EXERCISE INSTRUCTIONS:
Give the listing again word for word. Skip the pictures.

EXERCISE DATA:
-- Opening Marker --

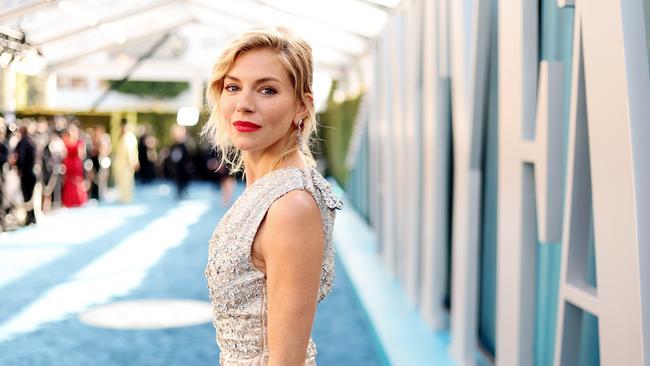 Sienna Miller attends the 2022 Vanity Fair Oscar Party. Picture: Getty Images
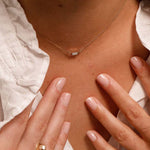 Gold Baguette Diamond necklace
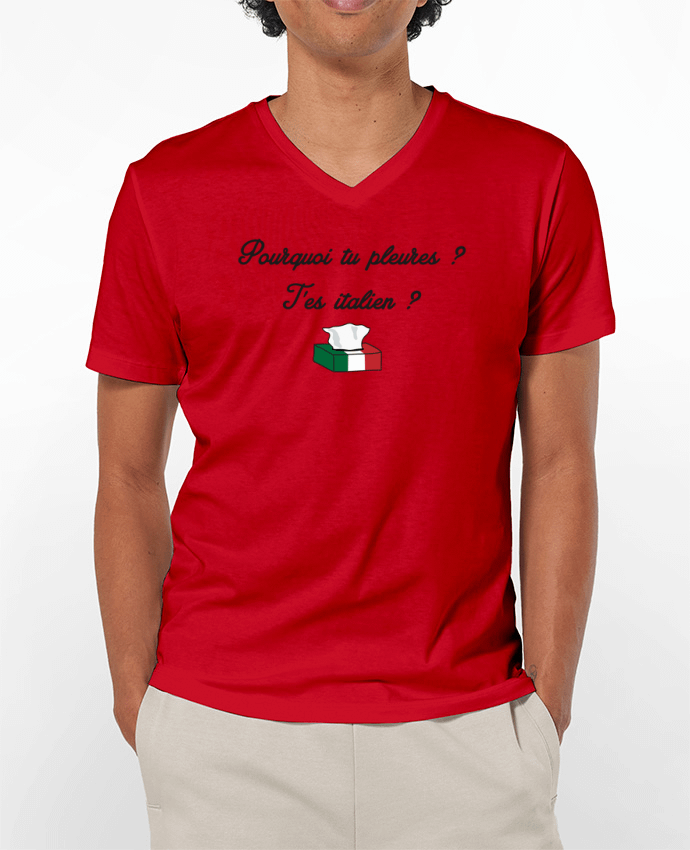 T-shirt homme Italie Coupe du monde Troll par tunetoo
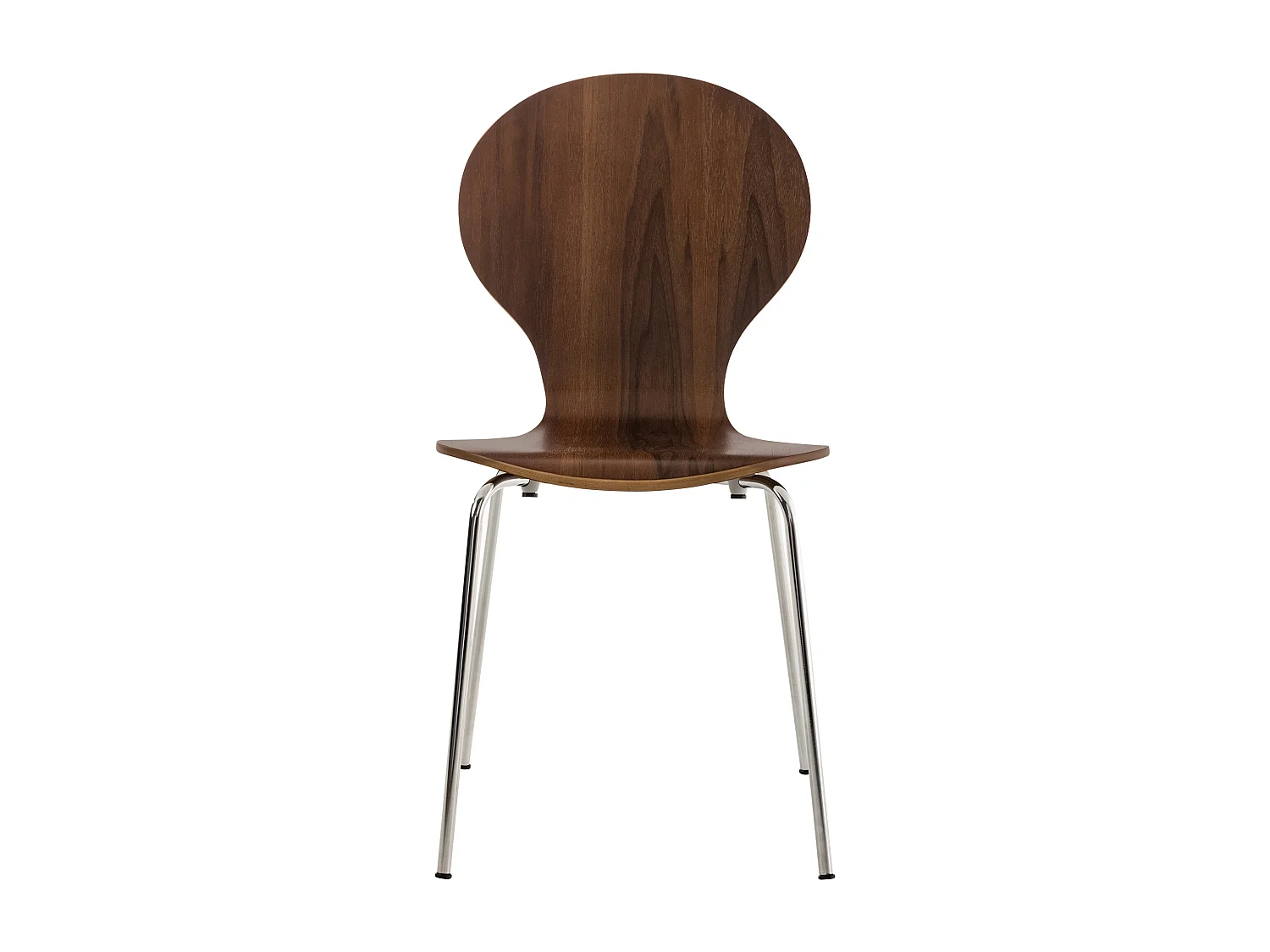 Lot de 16  Chaise de conférence - Bois & Nature - Noyer - DIEGO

-- Closing Marker --

TASK OUTPUT:
 Sienna Miller attends the 2022 Vanity Fair Oscar Party. Picture: Getty Images
 Gold Baguette Diamond necklace
 T-shirt homme Italie Coupe du monde Troll par tunetoo
 Lot de 16  Chaise de conférence - Bois & Nature - Noyer - DIEGO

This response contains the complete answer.